*What is being asked:* In the entries that follow, the lines from the line containing "Foto del edificio - 315 Hawthorne Ct" up to and including the line containing "GAUT MESSENGER BAG" must be copied exactly, with pictures omitted.

*Data excerpts:*
# # #

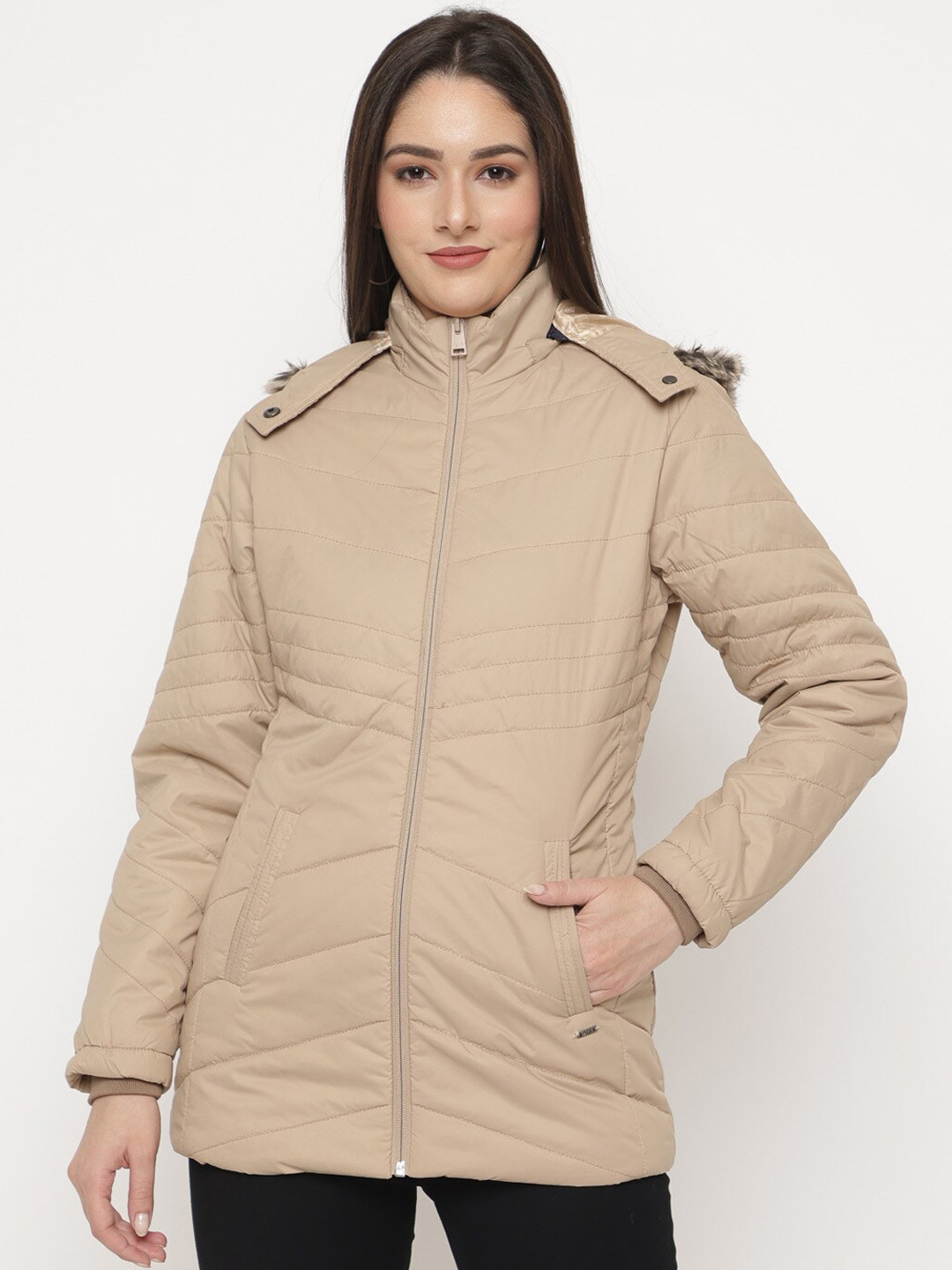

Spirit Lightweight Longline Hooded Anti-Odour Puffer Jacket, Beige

# # #

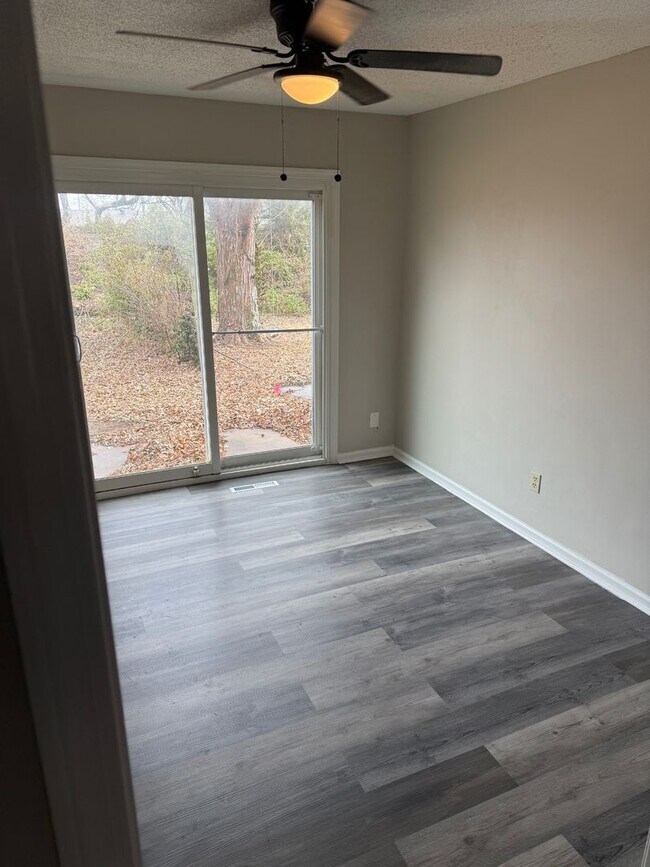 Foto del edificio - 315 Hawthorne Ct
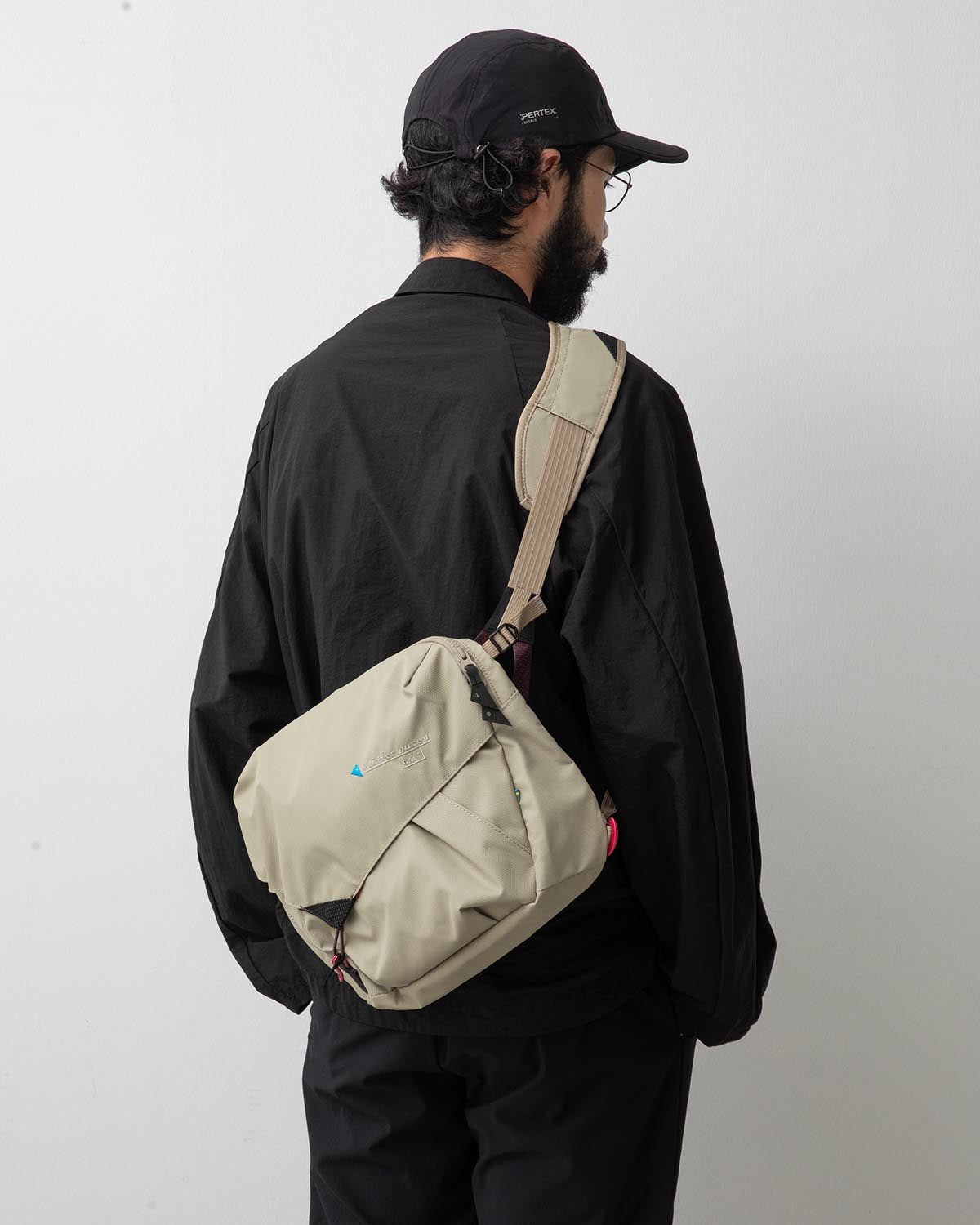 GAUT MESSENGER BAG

# # #

*Written response:*
 Foto del edificio - 315 Hawthorne Ct
 GAUT MESSENGER BAG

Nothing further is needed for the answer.